[Data excerpts]

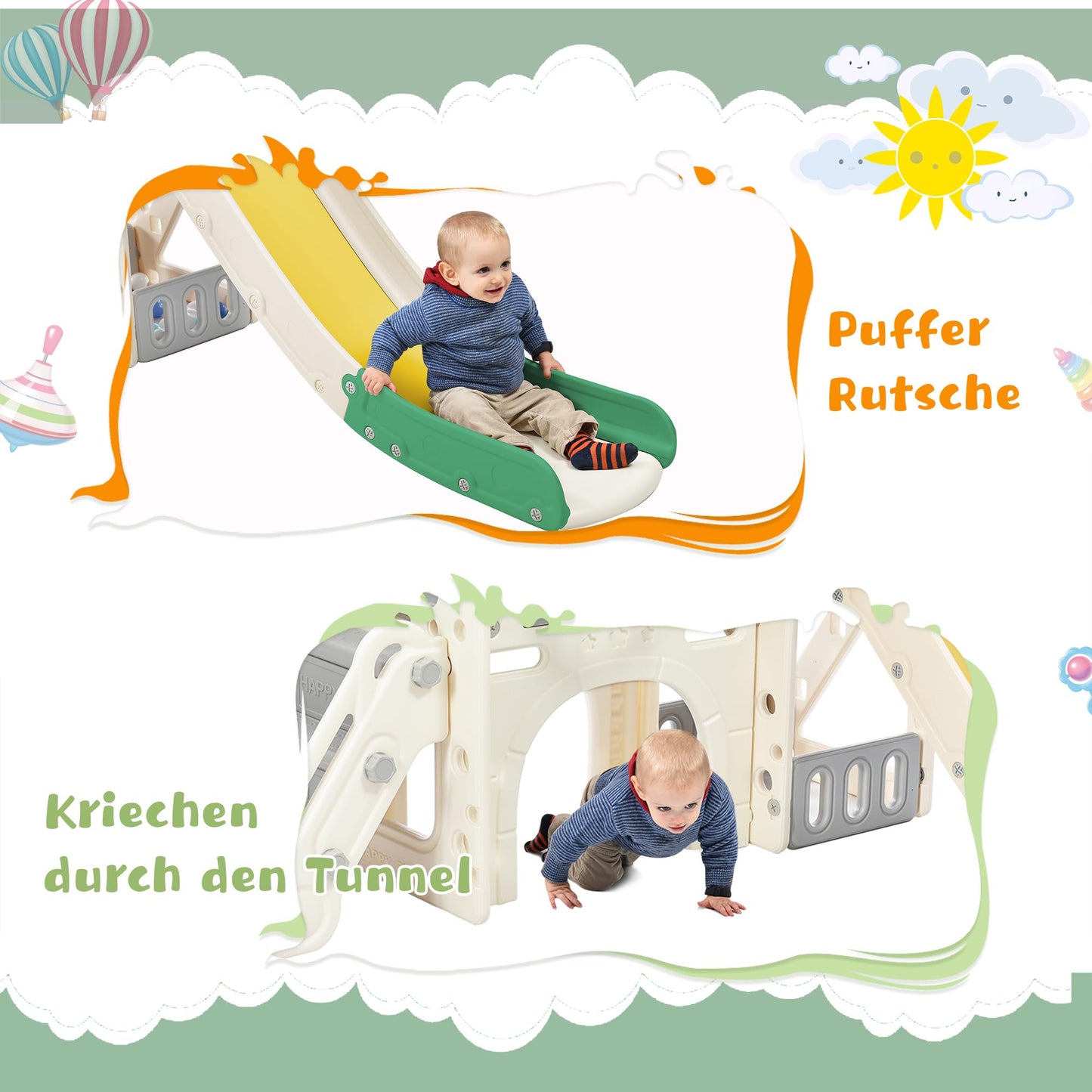 5 in 1 children's slide for indoor and outdoor use for ages 1-6. Playground for kids with long slide, storage box, tunnel, stairs, basketball hoop, and passageway. Green garden slide.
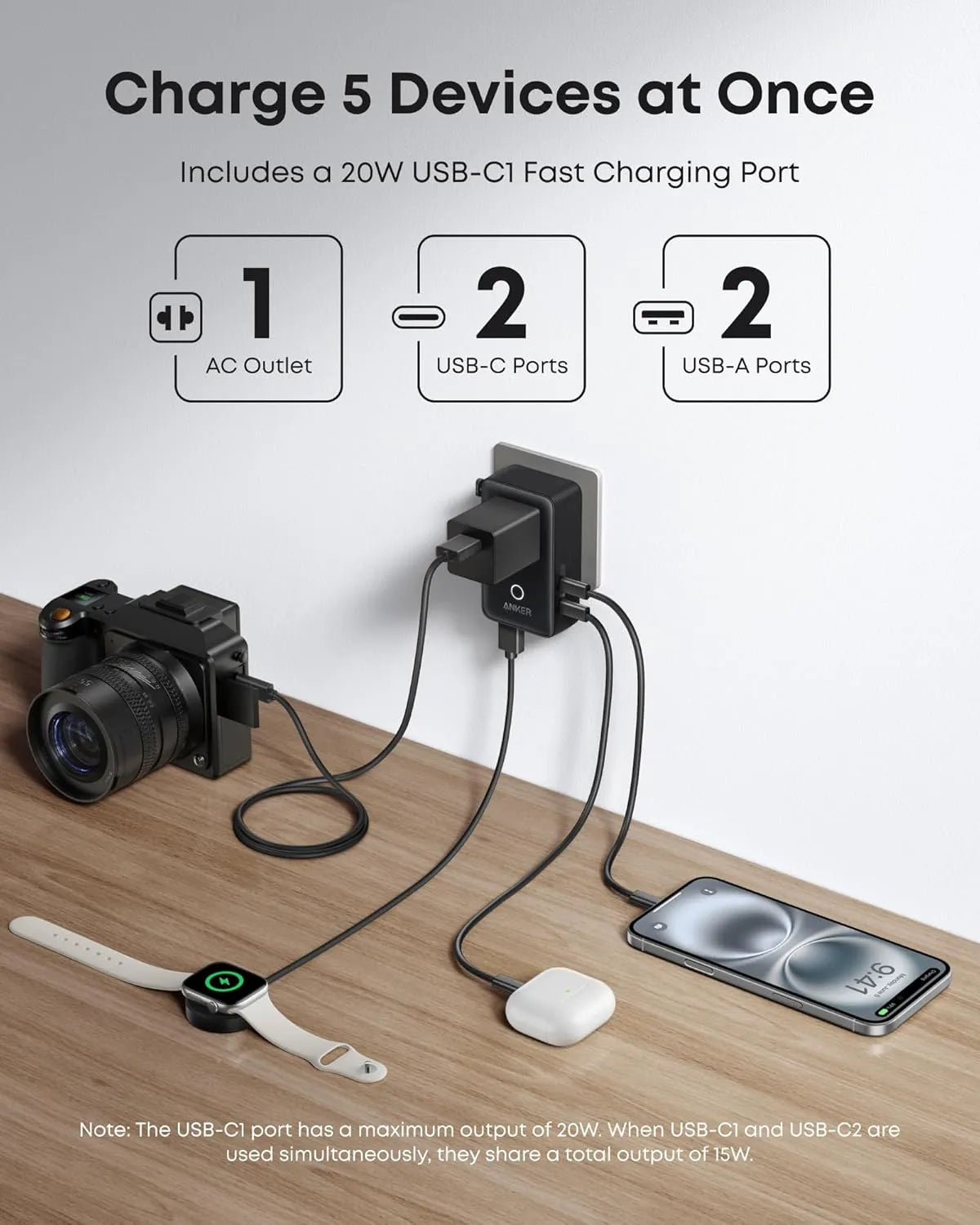Anker 140W 4-Port USB-C Laptop Charger with PD 3.1 and Nano Travel Adapter (5-in-1, 20W)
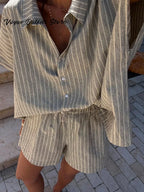 Casual Striped Two-Piece Set – Button-Up Shirt & Wide Leg Shorts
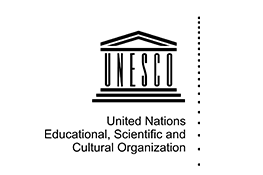 The UNESCO logo - a black temple, the pillars of which are made up the letters 'U.N.E.S.C.O', underneath which the black text 'United Nations Educational, Scientific and Cultural Organization'.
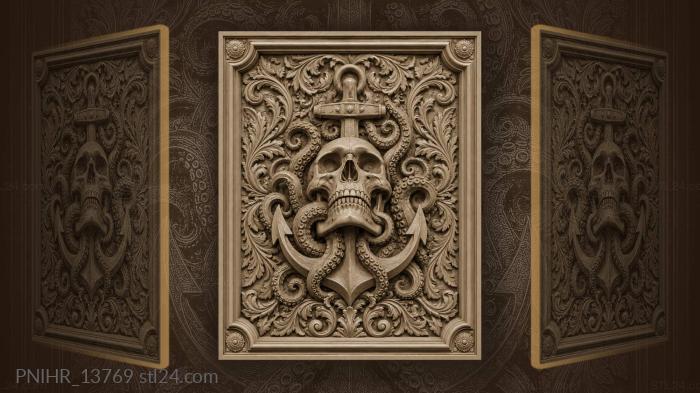 Skull anchor octopus nautical gothic 3d STL model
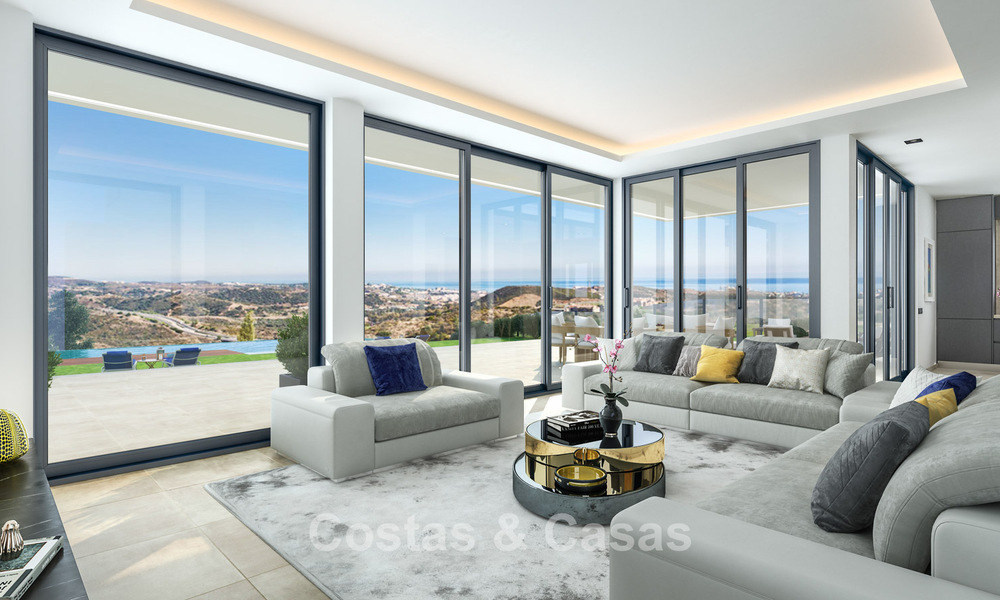Luxurious, modern new build villa with panoramic sea views for sale, frontline golf in Mijas, Costa del Sol 775013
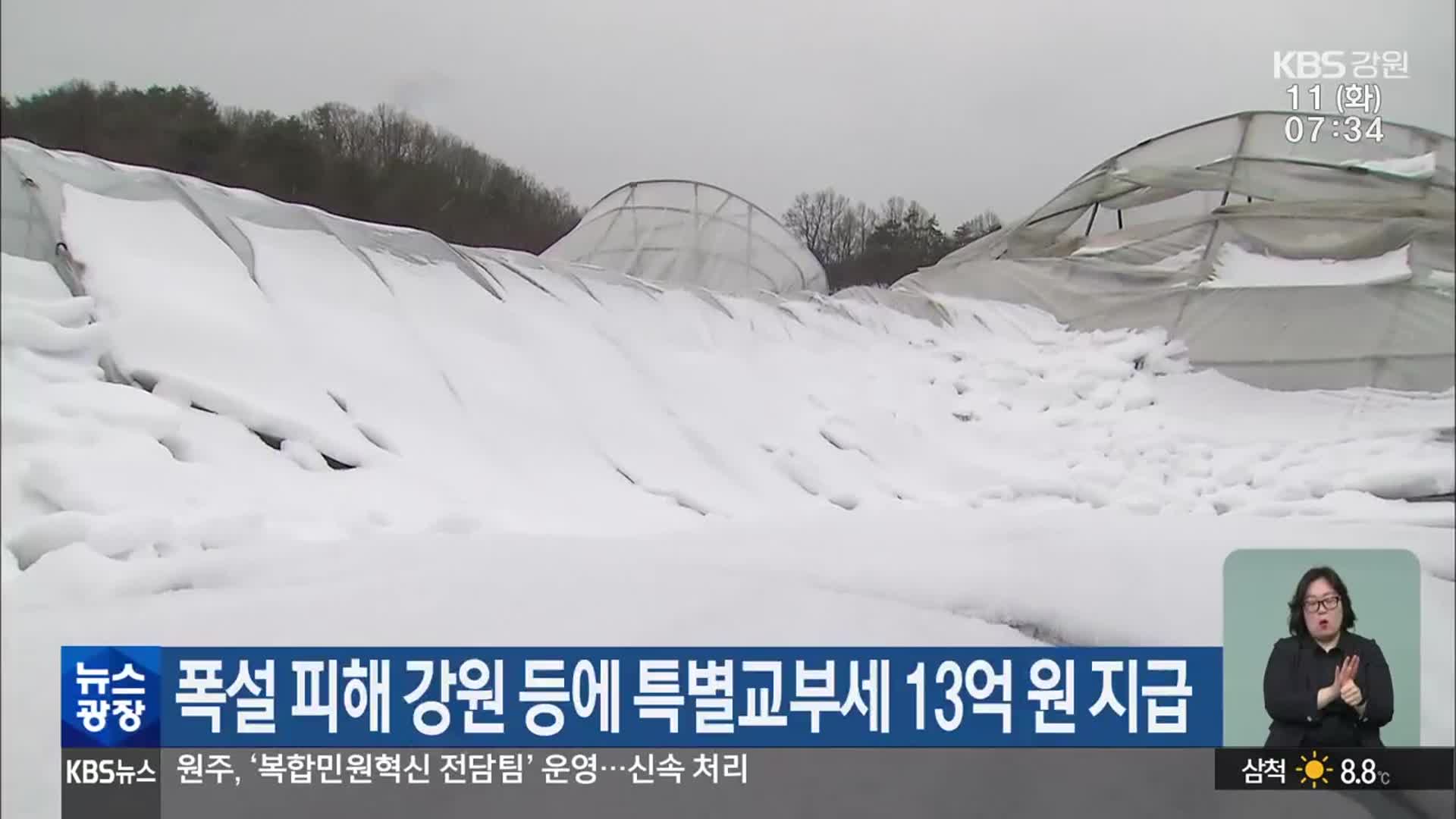 폭설 피해 강원 등에 특별교부세 13억 원 지급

[/Data excerpts]

Exactly as written above, retype the lines starting at the one holding "The UNESCO logo" and ending at the one holding "Skull anchor octopus", both included, but not the pictures.

- [Exercise response]:
 The UNESCO logo - a black temple, the pillars of which are made up the letters 'U.N.E.S.C.O', underneath which the black text 'United Nations Educational, Scientific and Cultural Organization'.
 Skull anchor octopus nautical gothic 3d STL model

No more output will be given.